Le chemin d’en haut : deuils et héritages

Après Livre de bois publié en 2017, Jean-Philippe Chabot revient cette année avec Le chemin d’en haut, son deuxième roman. L’auteur signe ici une œuvre dense, complexe, mais qui a le mérite d’éviter l’éparpillement thématique. Il y traite de sujets délicats avec douceur et sensibilité. Si la lecture du chemin d’en haut est exigeante, elle n’en demeure pas moins imbibée d’une richesse littéraire qui gagne à se faire découvrir par une lecture attentive et approfondie. Parfait pour clore la saison estivale.

Par William Pépin, journaliste multimédia

Prophéties intriquées

C’est avec surprise que j’ai parcouru les premières pages de ce chemin d’en haut : rares sont les récits qui vous emportent dans une spirale émotionnelle aussi belle que chirurgicalement décousue. C’est par le sentier sinueux du deuil que Jean-Philippe Chabot nous ramène à la terre, dans cette zone empreinte d’une nostalgie amère, lieu que l’on souhaite souvent quitter pour s’épargner une quelconque souffrance et, paradoxalement, que l’on désire parfois retrouver pour y reconstruire une vie par-dessus les cendres de celles qui précèdent. Difficile, parfois, de ne pas y voir l’héritage d’une prose ferronnienne, à la fois orale, sombre, dense, mais pourtant si lucide.

La narration se déploie par spasmes, avec ces éclats mémoriels qui nous propulsent d’une situation à l’autre, avec ce talent qu’a Jean-Philippe Chabot de créer des images à la fois percutantes et lointaines, des échos de vie à notre portée tout en étant souvent insaisissables.

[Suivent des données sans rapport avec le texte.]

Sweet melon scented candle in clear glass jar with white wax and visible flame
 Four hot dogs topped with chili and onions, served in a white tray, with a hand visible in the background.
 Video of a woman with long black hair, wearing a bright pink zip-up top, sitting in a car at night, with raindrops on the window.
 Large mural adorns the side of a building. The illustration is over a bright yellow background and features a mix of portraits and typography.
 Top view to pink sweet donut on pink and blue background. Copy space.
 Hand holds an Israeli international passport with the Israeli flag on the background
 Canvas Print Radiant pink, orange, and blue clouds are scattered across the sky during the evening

C’est d’ailleurs un roman qui gagne à ce qu’on lui accorde une deuxième lecture : l’humanité transpire de ces pages.

« Tu t’y attendais pas. Ta vie se met en perspective, ses deux seuls événements bout à bout : ta naissance, ta mort. Tu te dis : c’était rien que ça. Plus t’en as long entre les deux, plus t’accumules, plus c’est le désordre. Du bruit, des bruits de corps sur du bruit de fond. Ça continue de remuer, de se mélanger. »

Comme dans un rêve

L’enchaînement des événements se fait un peu à la manière d’un rêve : tout y est à la fois ficelé sur le plan thématique et discontinue sur le plan de l’enchaînement causal. Les allers-retours sont nombreux, encadrés par ce décompte en cinq parties qui culmine vers une fin aussi déchirante qu’éclairante. Ce qui m’a le plus fasciné avec ce nouveau roman de Jean-Philippe Chabot, c’est sans doute le fait que l’on y côtoie la mort constamment, sans que celle-ci nous contamine pour autant. Oui, elle est là, palpable, mais on peut l’aborder avec douceur et lucidité. D’une certaine manière, Le chemin d’en haut nous apprend à tourner la page.

J.P. Chabot, Le Quartanier, Montréal, 2022, 224 pages.